In my last post, I wrote the following:
There is definitely a common theme among them all: disappointment. But there’s another common theme as well: hope. We hope this is the start of something. We hope that the door remains cracked open. We hope that our voices can one day be joined with others in offering suggestions, not in asking questions.
Well, it seems that in light of the evidence from the last 24 hours, Arne Duncan and the DOE felt disappointment too and reached out to us in what can only be defined as hope after a very awkward call for us all.

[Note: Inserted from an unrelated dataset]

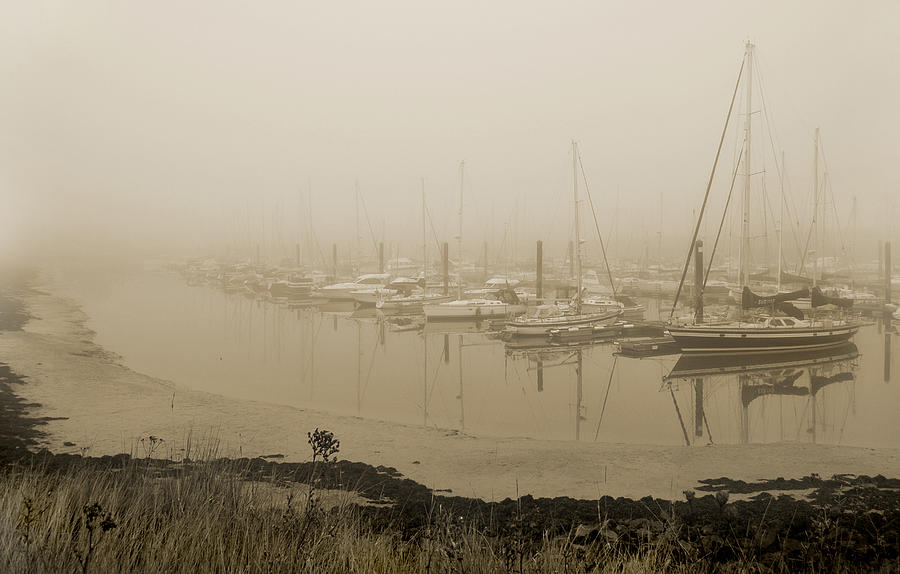 Foggy Day. Photograph by Terence Davis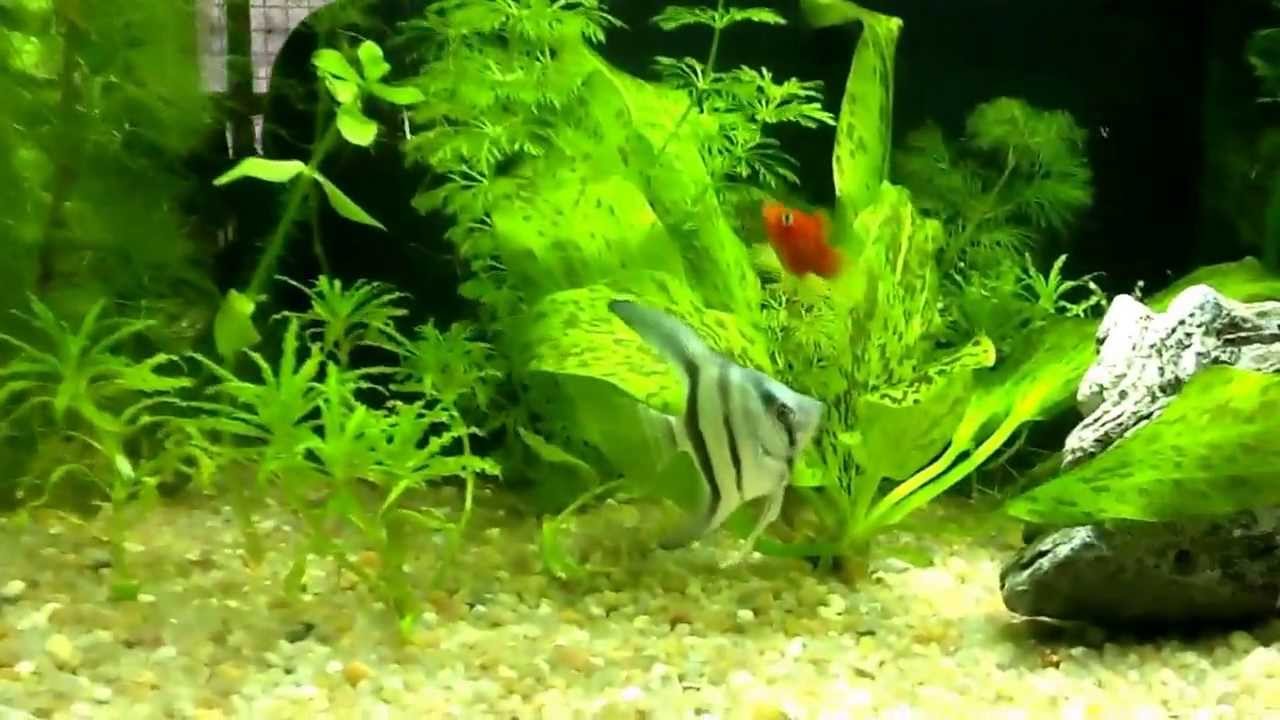 come allestire un acquario d acqua dolce con piante vere: granchi ... - Allestimento Acquario Dolce Con Piante Vere come allestire un acquario d acqua dolce con piante vere: granchi ... - Allestimento Acquario Dolce Con Piante Vere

Yesterday afternoon, the phone rang in two classrooms in two different parts of the country: one in California and one in Kansas. And the voice on the other line introduced himself as Arne Duncan. Anthony Cody (read his account of the conversation here) and Marsha Ratzel (read her really beautiful beat-for-beat post here), two educators who have been the executive producers of our recent campaign to get teachers to the policy table, both spoke to Duncan who apologized for uncomfortable and technologically strained call.
He went on to ask about their experiences, he sought input about some key issues, and insisted that he was interested in this being the beginning of a conversation with our group, not the end of one.
We are still at the table, fellow teachers. And it is clear that we have both parties trying to make this dialog work. Sometimes it feels like a Tower of Babel, yes, with two groups trying to speak the same language, but maybe the disappointment of an awkward call becomes our Rosetta Stone.
It is clear that the door is not closed. In fact, it has creaked open ever wider.